When it’s all over and I’m saying goodbye, I ask her, “Did you have a good birthday?”  At first she nods and smiles, but then she says, “No, I did not.”  I ask her what made it not a good birthday.  “You weren’t there.”  I laugh to myself, and come up with “It sounds like you really like it when I’m here.”  No response.  I don’t correct her; I just start describing the party, the present, the cards, the cake… ”Cake!” she says with a big smile. 


Monday, October 10, 2011

A Different Kind of Ending

My father beat the game.  Everything that could have killed him up to now didn’t.  He survived a brain aneurysm 10 years ago with minimal impairment.  At age 87 he is conscious and aware and can understand and communicate, although very slowly, and in short phrases. 

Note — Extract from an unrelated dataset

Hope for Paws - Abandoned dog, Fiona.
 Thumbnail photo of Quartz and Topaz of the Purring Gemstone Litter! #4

But he is dying nonetheless. 

He doesn’t even have a terminal disease.  His systems have just been slowly shutting down for the last year.  His biggest problem is he can’t swallow very well anymore so he is aspirating some of his food, which will almost certainly lead to pneumonia.  A feeding tube would not improve his quality of life.  He’s ready to go. 

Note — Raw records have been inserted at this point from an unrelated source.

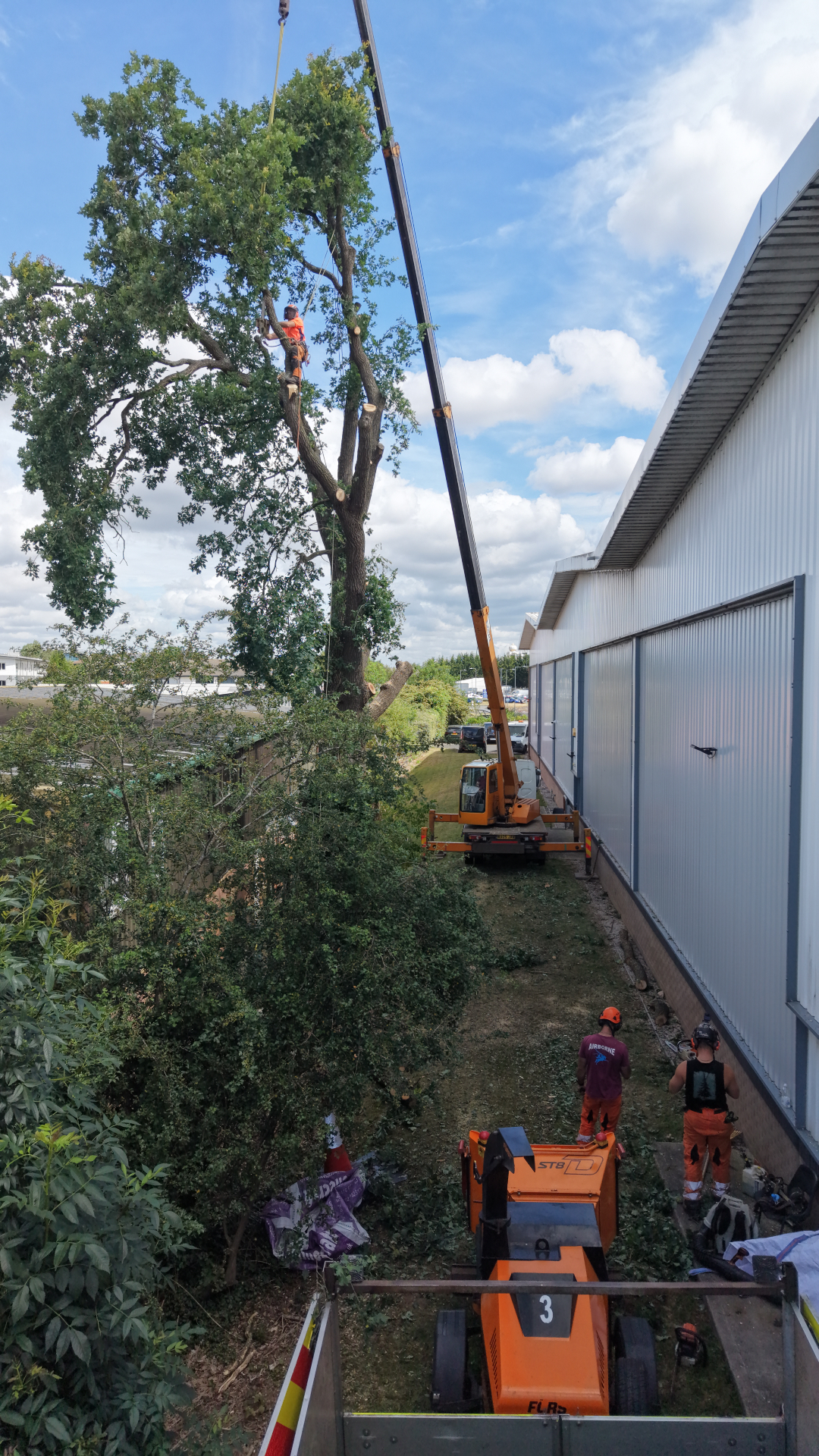 Aerial view of Reeves arborists dismantling a large tree beside a commercial warehouse using a mobile crane, with climber in the canopy and ground crew operating a stump grinder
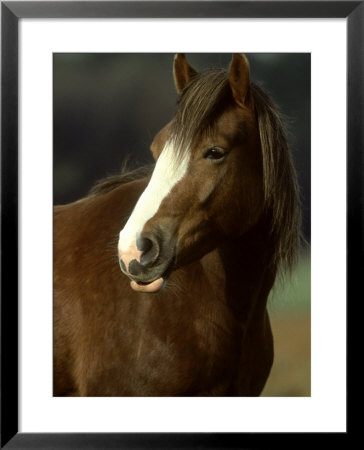 Horse, Chestnut & White Portrait by Mark Hamblin Pricing Limited Edition Print image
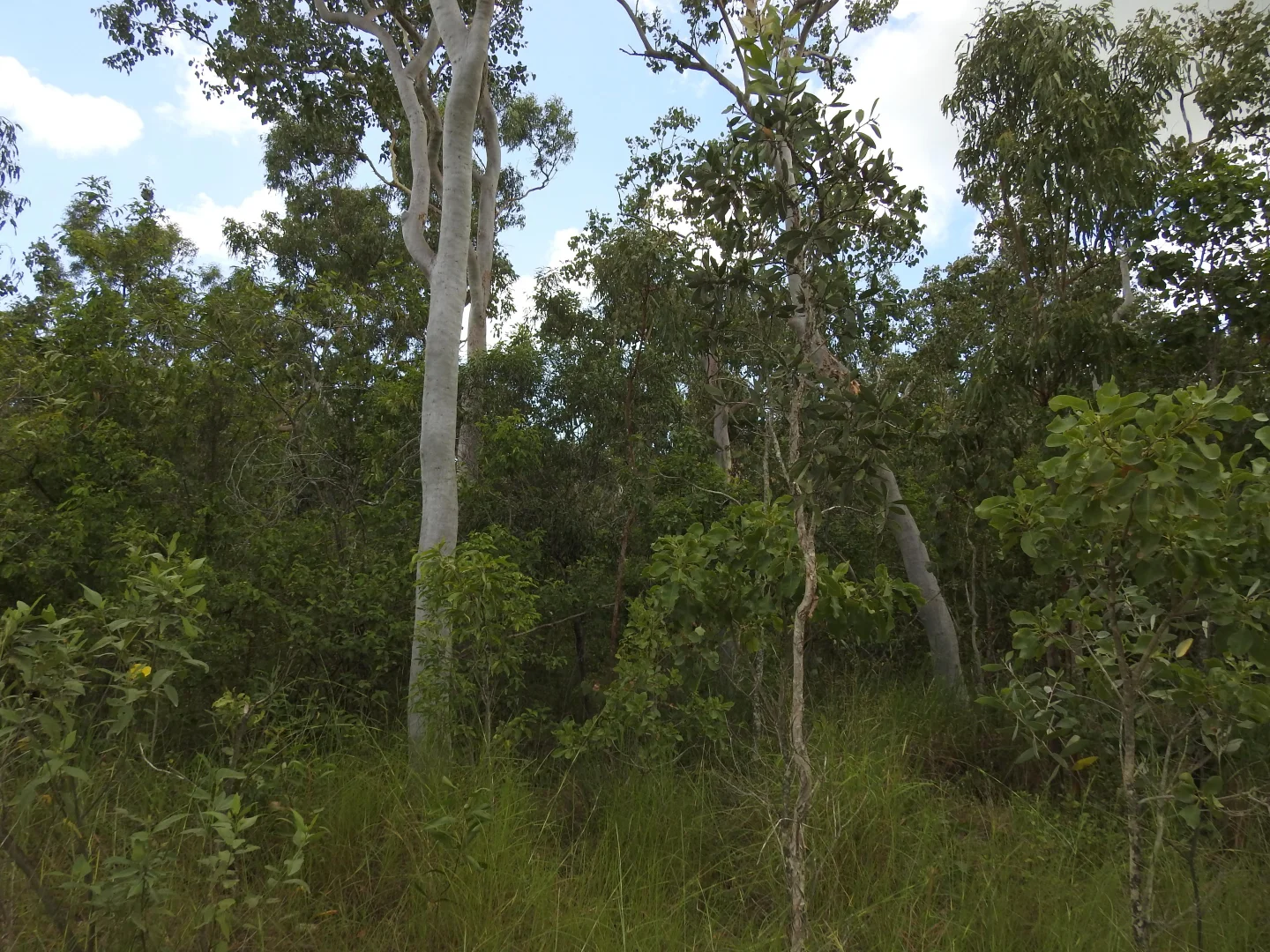Additional image 10 of LOT 36 Whitsunday Dr, Bloomsbury QLD 4799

All the significant losses I’ve experienced up to now have been from cancer.  A disease takes root in the body and brings an end to a life.  You “battle” cancer.  You lose.  It wins, and you die.  But you might have won.  Some people do.  My mother has survived two cancers and is now 90 years old.  So there’s always hope, until there isn’t.

Of course I know everyone dies – it’s happened to everyone else who has lived, up to now, evidently.  But I don’t think I really got it, until being with the old, old man my father has become, that you can’t beat the game.  Even if you beat all the levels, the way my parents have, death comes.  Our bodies do just wear out.  At the end, there’s no battle to be waged.

I thought he would always be there.  I couldn’t conceive of him dying.  Some of that is because of the strangeness of our relationship.  Mostly it’s because he’s my father.

I dreamed I was at his bedside, crying, “I don’t want you to go, I don’t want you to go!”  And knowing there was no stopping it.  In the dream, I was relieved to be pouring out the real stuff, with all the intensity of how I feel about losing him.  He didn’t say anything, but I felt him thinking, “I have to go…I don’t want to hurt you…this is hard for me…I have to go.” 

There’s nothing but love between us anymore.  I can tell him the truth, and he can handle it.  But I don’t want to make it harder for him.

I call him every morning and tell him I love him and I’m thinking of him all the time.  He always says, “I love you, Ruth.”   It gives me such joy to have these simple exchanges.  Some days he sounds stronger, and I’m happier all day because I got to hear him sounding more like himself again.  A little reprieve before I have to say goodbye for good.

I don’t want to lose him.  I barely got to have him.  But I am very grateful for the ending we are having.